Finally! After the dark, the first signs of spring are here. Not the daffodils spearing up through the verge ready to get widdled on by the dog (sorry, daffodils) and not the fact that it’s daylight at home-time. No, spring is on its way because Saturday was the RBR awards dinner.

This year (and last year, but I couldn’t go last year, because Scotland) we gathered in The George Hotel, Lichfield, in a blue, vaulted room lined with slightly dodgy paintings (“Look,” said Jenny. “That chap’s feet are floating above the grass.”)  The Wingman isn’t allowed to come and it’s a bit too cold for him to sit in the car so he stayed at home to watch the Olympics. The good news was that despite me changing the fuel line and cleaning out the carb on Saturday morning Hortense still made it. The bad news was that I stabbed myself in two fingers with the end of the choke cable doing the job and they still bloody hurt.

“We’ll do this in reverse order and start with the Finishers,” announced Dave the D. Yes, that was me. I had the fewest points of all this year’s awards guests. That’s what happens when your Lomax dies in June and your job only lets you take days off if three other women agree you could have those days. (And that, dear reader, is why it isn’t my job any more. Three women with a veto on my riding time!) I got six landmarks out of more than 50. But they were good ones, in the remotest corners of the Highlands.
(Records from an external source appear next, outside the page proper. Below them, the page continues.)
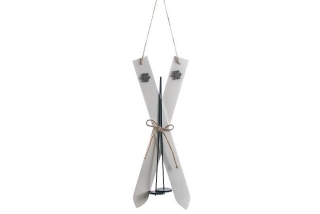 Dekorační lyže s hůlkami - 39 cm 
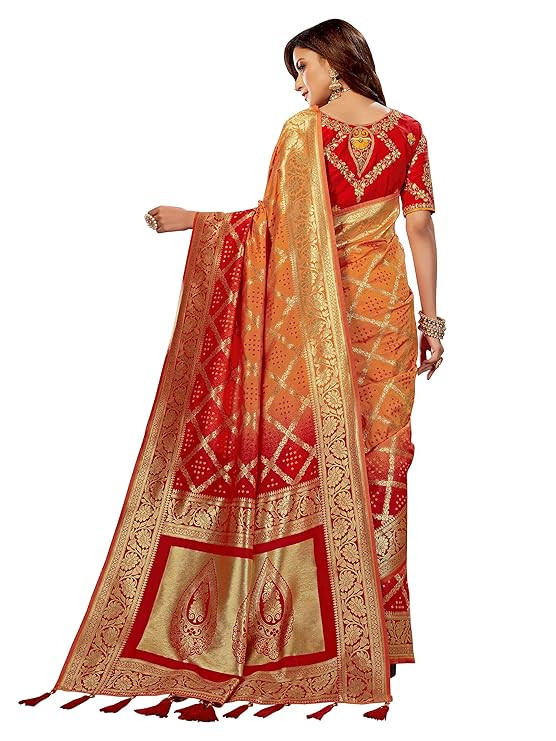 Mritsa Gota Patti Silk Lehenga Set - Red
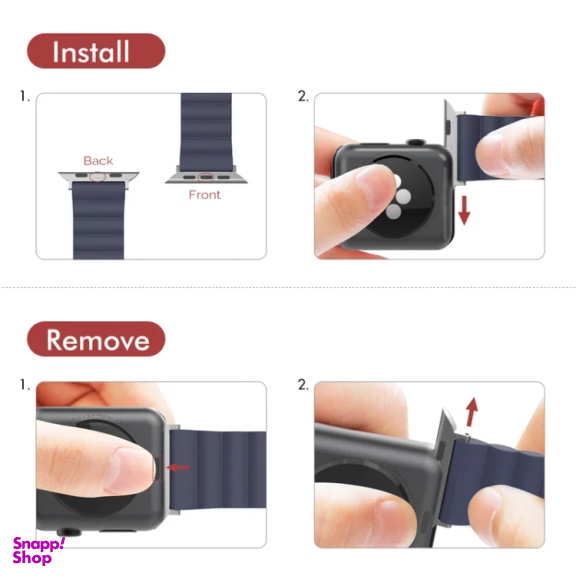 بند ساعت هوشمند آهااستایل مدل WA02 مناسب اپل واچ 42/44 میلی متر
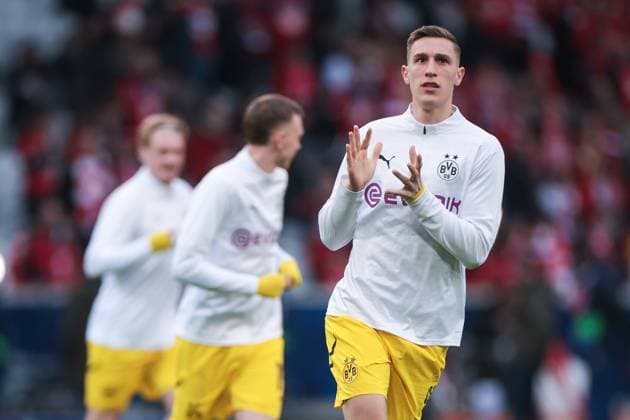 12.03.2025, UEFA Champions League, Achtelfinale, Lille OSC - Borussia Dortmund, Nico Schlotterbeck (Borussia Dortmund), Lille Stade Pierre Mauroy Decathlon Arena Paris xRHR-FOTO DEx Copyright: DennisxEwert RHR-FOTOx RHR-FOTO DE
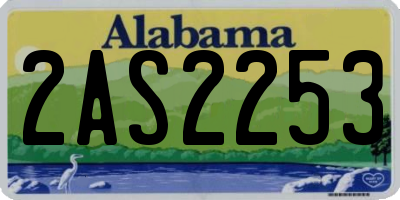 AL license plate 2AS2253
Now I have to scrape together as much patience as I can muster because the 2018 list won’t be released until March 11.  A few years ago Graham began auctioning preview copies for those whose pockets were deeper than their patience – an innovation which has raised nearly £4,000 for the Air Ambulance. I bought a preview list one year – but these days the moths are in charge of my wallet so I am just going to have to wait.

Still, that gives me three weeks to fix the Lomax….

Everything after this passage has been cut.